The same phenomenon is unfolding now. What began as a Tea Party surge now has an interesting wrinkle: 2010 just might be the year of the conservative woman. Nikki Haley won nearly 50 percent of the vote in a crowded field in South Carolina in spite of an eleventh-hour flurry of personal attacks. She had been endorsed by Jenny Sanford and Sarah Palin, among others. While that race may go to a run-off, Haley is the likely GOP nominee and the next Governor of the Palmetto State. Ditto for Sharron Angle, the Tea Party-backed candidate for U.S. Senate in Nevada. The lamestream media parrots the Democratic spin that these results bode well for Harry Reid. Don’t believe it. Reid’s re-elect is in the low 40′s and polling has shown him losing to Angle. And how pathetic is it that the Senate Majority Leader has to pray for an allegedly weak GOP nominee, hoping to “win dirty” in his own home state?! It speaks to how truly weak and desperate the Democrats are heading into the fall.
Carly Fiorina and Meg Whitman’s victories in California also show the appeal of a conservative woman at the polls. Though Whitman is far more socially liberal than Fiorina, she won on the conservative themes of reining in government spending and creating jobs by lowering taxes. Fiorina waxed liberal former Congressman Tom Campbell, whose only message at the end could be summed up, “I can win.” He didn’t. Fiorina also had the support of Sarah Palin and the Susan B. Anthony List and won going away.
Nor are these high profile victories the only signs of a conservative woman’s moment. Earlier, Susanna Martinez overcame a spending disadvantage to win the Republican nomination for Governor in New Mexico. If victorious in November she will join Marco Rubio as a rising Hispanic star on the national stage. Anna Little, mayor of Highlands in Monmouth county, leads for the GOP nomination in New Jersey’s Sixth Congressional district. Little had the backing of Tea Party activists, Faith and Freedom Coalition (which I founded last year), and Building a New Majority, a New Jersey group focused on ground game and turnout.

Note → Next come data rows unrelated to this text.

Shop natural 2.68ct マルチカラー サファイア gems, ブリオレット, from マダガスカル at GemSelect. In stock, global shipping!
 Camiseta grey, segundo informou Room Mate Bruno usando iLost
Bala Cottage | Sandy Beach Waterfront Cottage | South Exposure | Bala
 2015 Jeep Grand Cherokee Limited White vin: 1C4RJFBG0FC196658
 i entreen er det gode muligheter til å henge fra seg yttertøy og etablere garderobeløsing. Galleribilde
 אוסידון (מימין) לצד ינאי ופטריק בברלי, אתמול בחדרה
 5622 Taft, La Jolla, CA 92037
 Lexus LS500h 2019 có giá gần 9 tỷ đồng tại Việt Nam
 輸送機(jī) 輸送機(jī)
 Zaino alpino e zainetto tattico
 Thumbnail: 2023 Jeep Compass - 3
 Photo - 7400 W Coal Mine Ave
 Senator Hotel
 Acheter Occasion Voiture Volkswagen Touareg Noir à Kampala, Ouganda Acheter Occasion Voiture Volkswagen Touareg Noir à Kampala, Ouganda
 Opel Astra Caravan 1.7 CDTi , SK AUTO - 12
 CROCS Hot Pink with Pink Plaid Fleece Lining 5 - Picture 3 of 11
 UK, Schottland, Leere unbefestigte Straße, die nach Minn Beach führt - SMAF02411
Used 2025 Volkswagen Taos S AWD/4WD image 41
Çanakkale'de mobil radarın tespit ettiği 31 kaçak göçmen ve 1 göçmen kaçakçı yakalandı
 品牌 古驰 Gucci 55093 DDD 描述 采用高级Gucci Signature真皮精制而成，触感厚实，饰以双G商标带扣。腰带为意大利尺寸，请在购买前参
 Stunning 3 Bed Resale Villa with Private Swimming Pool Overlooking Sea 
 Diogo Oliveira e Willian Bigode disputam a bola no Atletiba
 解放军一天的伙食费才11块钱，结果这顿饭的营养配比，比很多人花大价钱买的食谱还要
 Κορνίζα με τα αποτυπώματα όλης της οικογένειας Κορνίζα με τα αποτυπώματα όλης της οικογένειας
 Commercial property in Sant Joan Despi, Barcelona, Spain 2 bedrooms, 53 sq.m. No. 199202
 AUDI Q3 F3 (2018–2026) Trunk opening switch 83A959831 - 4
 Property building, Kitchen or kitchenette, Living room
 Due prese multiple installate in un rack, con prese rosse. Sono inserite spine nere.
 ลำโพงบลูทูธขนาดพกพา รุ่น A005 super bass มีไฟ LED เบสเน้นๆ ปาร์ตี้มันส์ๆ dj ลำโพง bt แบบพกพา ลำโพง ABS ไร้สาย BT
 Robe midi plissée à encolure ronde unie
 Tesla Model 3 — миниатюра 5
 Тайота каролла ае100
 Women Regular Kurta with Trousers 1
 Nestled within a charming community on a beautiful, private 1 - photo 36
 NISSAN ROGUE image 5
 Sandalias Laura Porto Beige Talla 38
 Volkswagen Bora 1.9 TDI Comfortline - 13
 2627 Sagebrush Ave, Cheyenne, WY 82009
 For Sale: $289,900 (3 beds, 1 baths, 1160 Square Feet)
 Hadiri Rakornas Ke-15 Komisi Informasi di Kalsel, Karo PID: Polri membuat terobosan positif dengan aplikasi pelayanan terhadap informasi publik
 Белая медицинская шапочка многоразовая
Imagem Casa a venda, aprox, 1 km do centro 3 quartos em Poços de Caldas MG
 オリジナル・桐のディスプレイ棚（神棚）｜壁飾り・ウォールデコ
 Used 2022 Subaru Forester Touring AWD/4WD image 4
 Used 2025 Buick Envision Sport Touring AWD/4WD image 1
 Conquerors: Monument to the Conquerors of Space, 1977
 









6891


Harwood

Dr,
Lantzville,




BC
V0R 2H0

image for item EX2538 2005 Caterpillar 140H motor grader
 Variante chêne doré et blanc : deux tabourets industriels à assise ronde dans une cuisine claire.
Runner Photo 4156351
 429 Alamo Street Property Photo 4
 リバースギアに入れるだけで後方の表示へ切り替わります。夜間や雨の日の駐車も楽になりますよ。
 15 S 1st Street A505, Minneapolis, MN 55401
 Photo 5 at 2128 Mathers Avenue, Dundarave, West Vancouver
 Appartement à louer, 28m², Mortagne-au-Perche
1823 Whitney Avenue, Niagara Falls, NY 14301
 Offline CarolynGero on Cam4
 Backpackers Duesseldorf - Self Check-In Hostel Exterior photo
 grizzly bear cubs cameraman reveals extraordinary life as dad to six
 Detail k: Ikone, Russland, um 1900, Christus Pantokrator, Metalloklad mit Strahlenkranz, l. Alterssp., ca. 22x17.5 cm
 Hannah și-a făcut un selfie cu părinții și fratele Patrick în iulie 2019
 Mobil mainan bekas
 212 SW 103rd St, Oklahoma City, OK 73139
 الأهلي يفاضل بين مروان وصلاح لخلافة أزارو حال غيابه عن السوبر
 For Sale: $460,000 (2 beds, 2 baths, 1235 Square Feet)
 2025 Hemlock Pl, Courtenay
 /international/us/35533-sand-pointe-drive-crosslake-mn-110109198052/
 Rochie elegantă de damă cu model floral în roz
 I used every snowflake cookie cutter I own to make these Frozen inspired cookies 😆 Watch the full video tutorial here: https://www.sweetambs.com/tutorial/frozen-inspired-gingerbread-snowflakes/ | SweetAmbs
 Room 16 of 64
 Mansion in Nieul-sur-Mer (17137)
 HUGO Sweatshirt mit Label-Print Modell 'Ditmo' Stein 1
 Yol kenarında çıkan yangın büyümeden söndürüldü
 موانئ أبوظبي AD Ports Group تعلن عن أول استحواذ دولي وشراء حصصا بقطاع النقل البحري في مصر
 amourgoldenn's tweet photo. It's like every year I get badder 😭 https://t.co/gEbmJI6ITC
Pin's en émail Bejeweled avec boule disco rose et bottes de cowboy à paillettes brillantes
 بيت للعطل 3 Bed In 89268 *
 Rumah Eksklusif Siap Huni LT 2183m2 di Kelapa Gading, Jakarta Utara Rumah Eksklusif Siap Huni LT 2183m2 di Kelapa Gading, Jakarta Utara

Little’s margin stands at only 65 votes, so there may be a recount. Assuming she holds on, she will face Frank Pallone, Jr., one of the most liberal members of Congress, in the fall.
There are many women candidates in later primaries that will join these victors on the general election ballot. But women were not the only winners. Tea Party-endorsed Tom Graves won a hotly contested special election in the strongly Republican Ninth District of Georgia to replace former Congressman Nathan Deal in a race that pitted many party establishment figures against grassroots activists. Scott Rigell, a Regent University alumnus and successful businessman, won in Virginia’s Second congressional district, backed by Pat Robertson and Governor Bob McDonnell, among others. He faces Glenn Nye in one of the most high profile House races in the nation, a must win if the Republicans hope to win control of the House.
One of the clear winners yesterday was Sarah Palin. The liberal media wrote her obituary after the 2008 elections, but she has emerged as one of the most influential political figures in the country. Not every candidate she has endorsed this year has won, but her support played a critical role in validating the candidacies of Nikki Haley and Carly Fiorina.
Politics is a little like physics. Every action causes a reaction. The election of a multi-ethnic, liberal president in 2008 has now sparked a conservative, limited government, pro-family counter-reaction, clad in lipstick and pumps.